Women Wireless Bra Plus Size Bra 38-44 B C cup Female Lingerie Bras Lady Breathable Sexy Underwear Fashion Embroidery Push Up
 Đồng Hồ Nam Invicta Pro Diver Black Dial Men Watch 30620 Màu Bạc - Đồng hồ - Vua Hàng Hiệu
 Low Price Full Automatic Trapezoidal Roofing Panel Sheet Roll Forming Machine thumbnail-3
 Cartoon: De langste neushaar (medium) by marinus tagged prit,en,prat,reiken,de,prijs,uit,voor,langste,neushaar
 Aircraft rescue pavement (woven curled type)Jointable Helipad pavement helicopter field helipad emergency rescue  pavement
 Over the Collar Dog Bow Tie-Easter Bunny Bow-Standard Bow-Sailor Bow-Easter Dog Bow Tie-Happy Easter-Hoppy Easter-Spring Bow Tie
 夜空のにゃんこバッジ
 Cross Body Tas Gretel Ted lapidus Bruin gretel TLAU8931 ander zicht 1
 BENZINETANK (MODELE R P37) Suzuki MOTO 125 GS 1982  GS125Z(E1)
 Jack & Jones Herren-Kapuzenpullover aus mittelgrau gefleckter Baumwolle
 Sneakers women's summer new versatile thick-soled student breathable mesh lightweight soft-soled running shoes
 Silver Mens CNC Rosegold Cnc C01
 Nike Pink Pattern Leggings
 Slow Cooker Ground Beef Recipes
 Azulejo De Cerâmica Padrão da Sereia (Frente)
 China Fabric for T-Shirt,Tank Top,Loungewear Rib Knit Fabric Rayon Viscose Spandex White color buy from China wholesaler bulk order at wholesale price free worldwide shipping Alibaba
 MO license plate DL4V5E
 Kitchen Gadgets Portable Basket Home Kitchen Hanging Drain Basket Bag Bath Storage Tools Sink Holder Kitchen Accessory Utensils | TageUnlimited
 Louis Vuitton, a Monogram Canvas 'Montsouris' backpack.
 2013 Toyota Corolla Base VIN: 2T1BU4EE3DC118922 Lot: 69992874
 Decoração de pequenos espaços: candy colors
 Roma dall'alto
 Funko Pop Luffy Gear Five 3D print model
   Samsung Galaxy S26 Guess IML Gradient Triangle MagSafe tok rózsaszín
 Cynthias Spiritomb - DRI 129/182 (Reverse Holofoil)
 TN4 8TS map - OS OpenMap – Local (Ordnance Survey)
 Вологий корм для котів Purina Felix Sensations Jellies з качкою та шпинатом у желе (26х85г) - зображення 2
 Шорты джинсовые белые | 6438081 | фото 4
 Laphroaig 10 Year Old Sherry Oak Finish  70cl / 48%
◇ ◇ ◇ ◇ ◇ ◇ ◇
▸ **Required work**:
Precisely reproduce all the entries shown above.

▸ **Answer area**:
Women Wireless Bra Plus Size Bra 38-44 B C cup Female Lingerie Bras Lady Breathable Sexy Underwear Fashion Embroidery Push Up
 Đồng Hồ Nam Invicta Pro Diver Black Dial Men Watch 30620 Màu Bạc - Đồng hồ - Vua Hàng Hiệu
 Low Price Full Automatic Trapezoidal Roofing Panel Sheet Roll Forming Machine thumbnail-3
 Cartoon: De langste neushaar (medium) by marinus tagged prit,en,prat,reiken,de,prijs,uit,voor,langste,neushaar
 Aircraft rescue pavement (woven curled type)Jointable Helipad pavement helicopter field helipad emergency rescue  pavement
 Over the Collar Dog Bow Tie-Easter Bunny Bow-Standard Bow-Sailor Bow-Easter Dog Bow Tie-Happy Easter-Hoppy Easter-Spring Bow Tie
 夜空のにゃんこバッジ
 Cross Body Tas Gretel Ted lapidus Bruin gretel TLAU8931 ander zicht 1
 BENZINETANK (MODELE R P37) Suzuki MOTO 125 GS 1982  GS125Z(E1)
 Jack & Jones Herren-Kapuzenpullover aus mittelgrau gefleckter Baumwolle
 Sneakers women's summer new versatile thick-soled student breathable mesh lightweight soft-soled running shoes
 Silver Mens CNC Rosegold Cnc C01
 Nike Pink Pattern Leggings
 Slow Cooker Ground Beef Recipes
 Azulejo De Cerâmica Padrão da Sereia (Frente)
 China Fabric for T-Shirt,Tank Top,Loungewear Rib Knit Fabric Rayon Viscose Spandex White color buy from China wholesaler bulk order at wholesale price free worldwide shipping Alibaba
 MO license plate DL4V5E
 Kitchen Gadgets Portable Basket Home Kitchen Hanging Drain Basket Bag Bath Storage Tools Sink Holder Kitchen Accessory Utensils | TageUnlimited
 Louis Vuitton, a Monogram Canvas 'Montsouris' backpack.
 2013 Toyota Corolla Base VIN: 2T1BU4EE3DC118922 Lot: 69992874
 Decoração de pequenos espaços: candy colors
 Roma dall'alto
 Funko Pop Luffy Gear Five 3D print model
   Samsung Galaxy S26 Guess IML Gradient Triangle MagSafe tok rózsaszín
 Cynthias Spiritomb - DRI 129/182 (Reverse Holofoil)
 TN4 8TS map - OS OpenMap – Local (Ordnance Survey)
 Вологий корм для котів Purina Felix Sensations Jellies з качкою та шпинатом у желе (26х85г) - зображення 2
 Шорты джинсовые белые | 6438081 | фото 4
 Laphroaig 10 Year Old Sherry Oak Finish  70cl / 48%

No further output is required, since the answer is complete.